The expected output is the data below, character for character, without its pictures.

### Given material
= Beginning of Section =

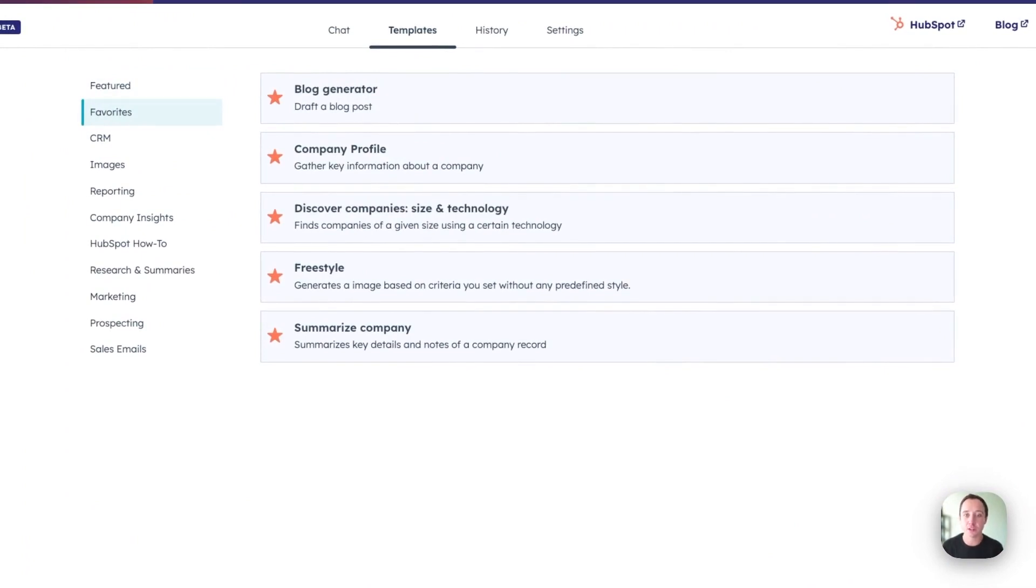That has been a quick rundown of the favorite features of ChatSpot over its first six months, generating blogs, doing company research, prospecting, generating images, and summarizing directly from our CRM.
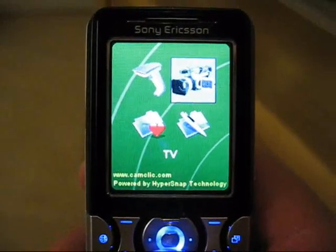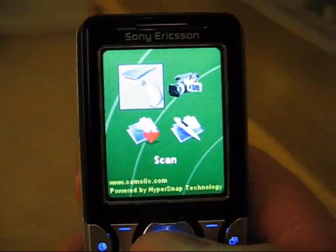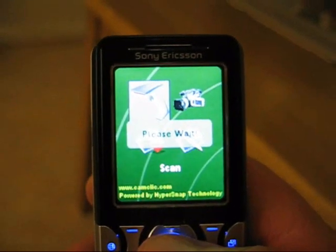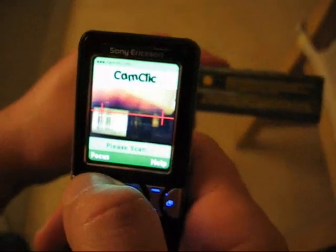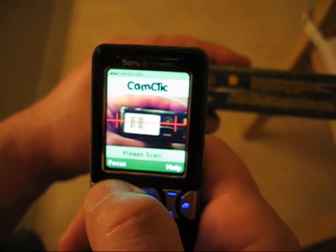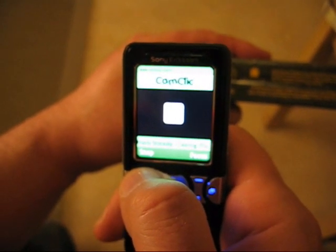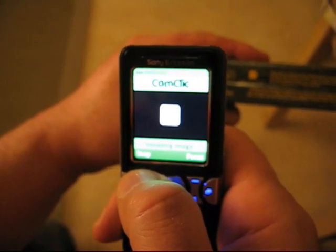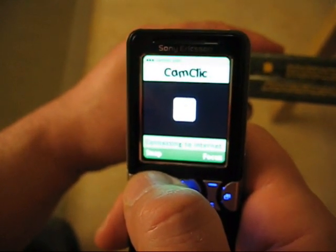So watch this. Now I've started the CanClick application, and I start the scanning functionality. And with the camera phone, I'm going to snap a picture of the barcode on the product, and the phone will connect to the internet and download additional information about this product.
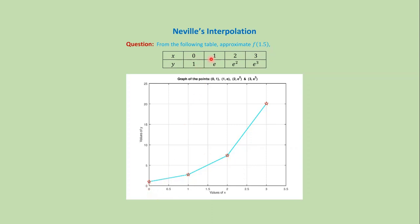The next point is (1,e), then (2,e²), and the last point is (3,e³). If we connect these points with straight lines and look at the graph, we can see that at x equals 1.5, the functional value is around 5.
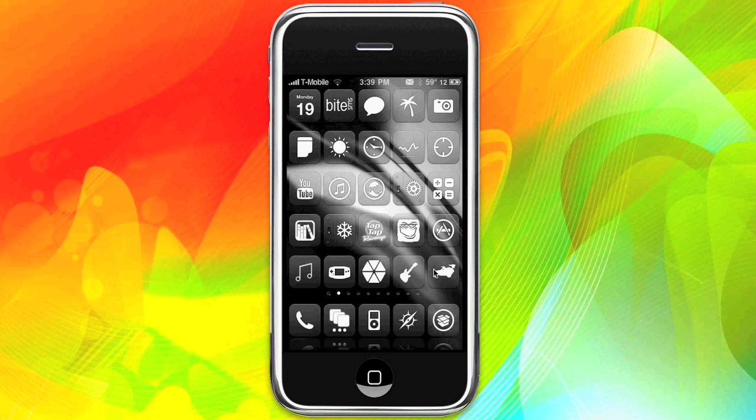Hey guys, it's Kyle and Denzel, and we got another Pimp My iPhone video for you from Mission Start. It's called Multi-Icon Mover, and this is a free application for Cydia.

= End of Section =

### Answer
That has been a quick rundown of the favorite features of ChatSpot over its first six months, generating blogs, doing company research, prospecting, generating images, and summarizing directly from our CRM.
So watch this. Now I've started the CanClick application, and I start the scanning functionality. And with the camera phone, I'm going to snap a picture of the barcode on the product, and the phone will connect to the internet and download additional information about this product.
The next point is (1,e), then (2,e²), and the last point is (3,e³). If we connect these points with straight lines and look at the graph, we can see that at x equals 1.5, the functional value is around 5.
Hey guys, it's Kyle and Denzel, and we got another Pimp My iPhone video for you from Mission Start. It's called Multi-Icon Mover, and this is a free application for Cydia.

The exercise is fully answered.